Dreams of fortune and fame are long behind me.  I'm fairly sure
     no bestseller lurks in my saggy brain.  The novels inside me
lack endings.  And I don't want to serve as an aging poetry rock star,
     followed down the streets by my hipster entourage, retro chic,
called to the podium at smoky NYC bars to rant into the microphone
     about the good old days in the Village -- schizophrenic sex
and psychedelic cocktails, mental orgies at all the famous Universities --
     a jazzy combo weaving single malt Scotch into my familiar
complaints.  I don't want young poets to chase me home in the hopes
     that my success will rub off on them, like my shabby gray hair,
like my alcoholic excess.

I don't want an agent, I don't want to go on international tours,
     I don't want to sit for hours at a book-signing, flashbulbs popping,
hand cramping.  God forbid I should be reviewed in the New York Times,
     or quoted ad nauseam,  "Laureate" attached to my title.

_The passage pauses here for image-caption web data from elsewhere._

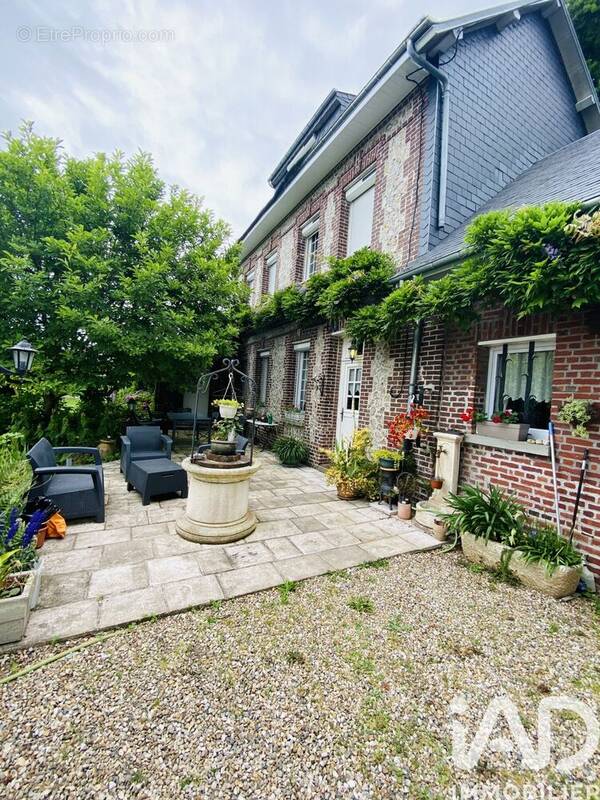 Photo 1 - Maison à MONTIVILLIERS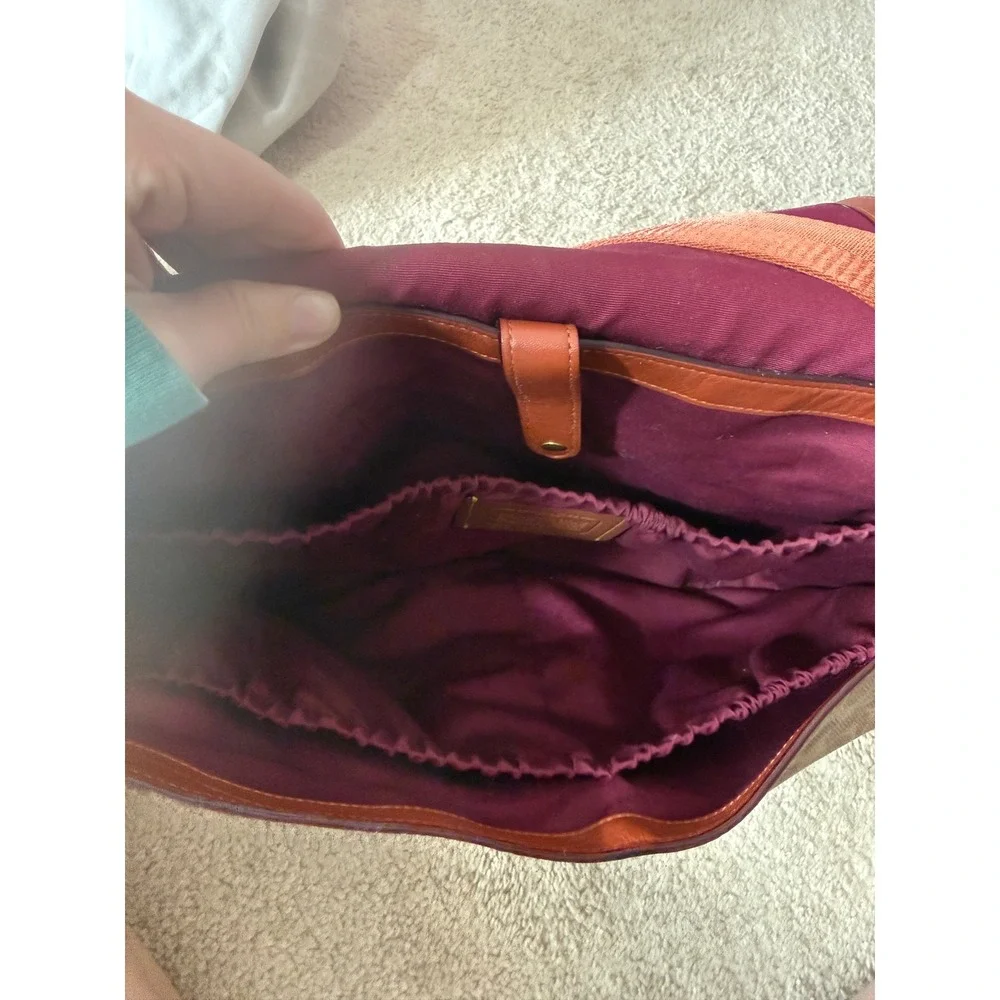 Authentic Coach Baby Messenger Bag in Signature Canvas Rust - Picture 9 of 10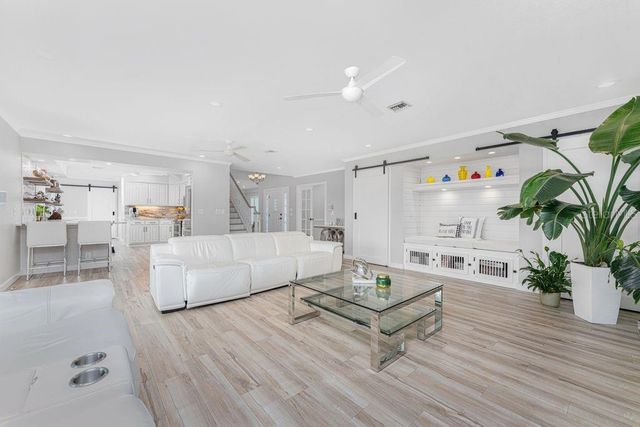 139 SEVILLE PLACE SW, Port Charlotte, FL 33952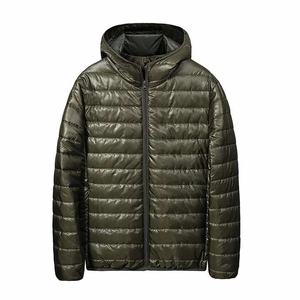 Veste matelassée légère à capuche conçue pour la protection hivernale, couches matelassées, vêtement extérieur durable, en gros - Product Image 1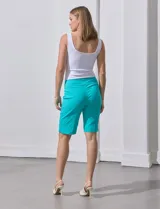 Bermuda color turquesa en gabardina elastizada, marca Zac & Rachel, con pretina ancha elastizada.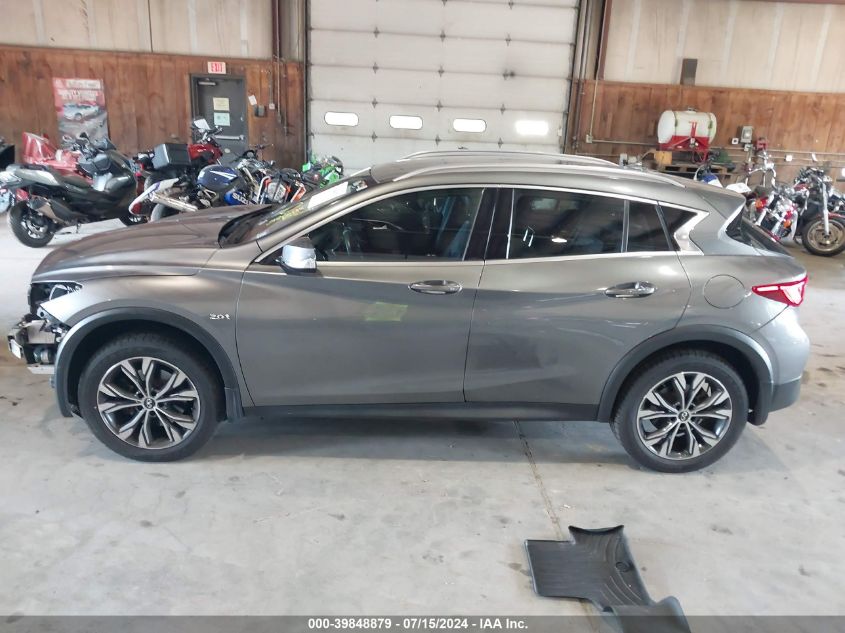 SJKCH5CR7KA007762 2019 Infiniti Qx30 Luxe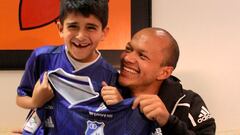 Antonio y Juan David P&eacute;rez con la camiseta autografiada por todo millonarios 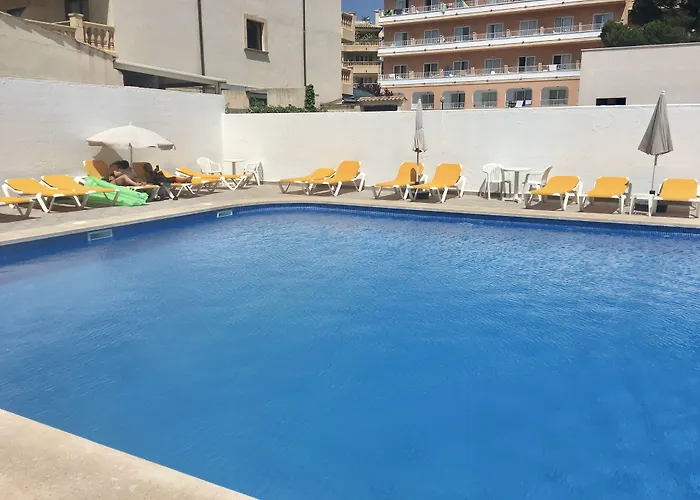 Apartaments La Perla Negra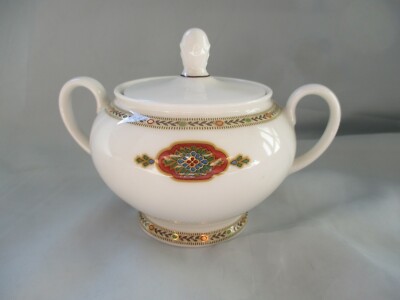 Belgravia v. . Rosenthal  , Zuckerdose m. Deckel  11 cm Nina Campbell( R1b)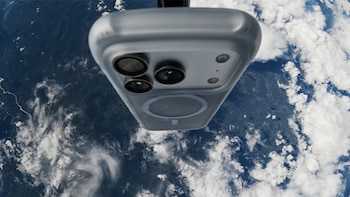 Teléfono soltado desde la estratósfera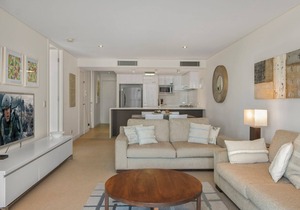 Eden Apartments Unit 401 Modern 2 bedroom Apartment Close to the Beach in Rainbow Bay - Free Wifi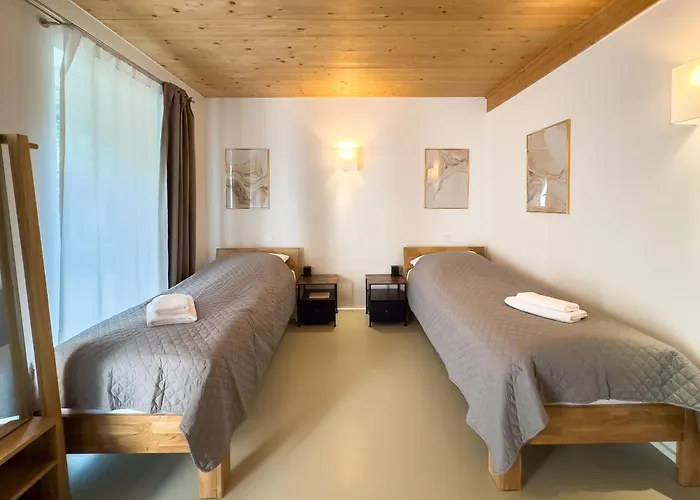 Ruhige Apartments Mit Guter Bahnanbindung Und Kuechennutzung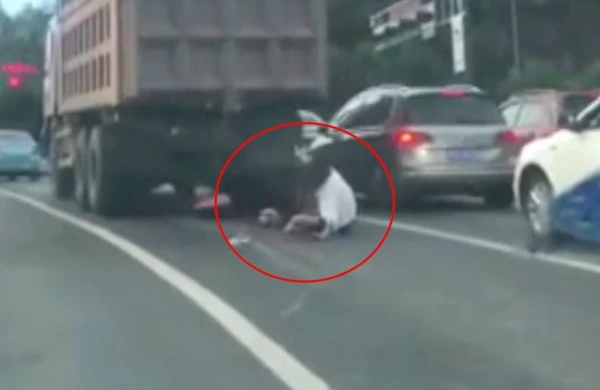 Dəhşətli qəza: Qadın "Kamaz"ın altında qaldı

I don't want to my rumpled mug in People magazine,
     standing next to David Bowie or Elvis Costello, my newest
best friends.

     I don't even want to grade this latest batch of papers.
    
In fact, I'm pleased that when I get out of my car at the supermarket,
    no one knows my name, that frowning people in winter coats
barely glance up from their lists to acknowledge my presence.
    There's something reassuring in their hurried indifference, in
my ability to slip through their quotidian world virtually
     unnoticed. They have no idea what I do for a living, that I
should be capturing the divine essence in this Wednesday morning and
     publishing it in a poem that maybe 15 friends will read,
instead of contemplating a cup of coffee and a donut.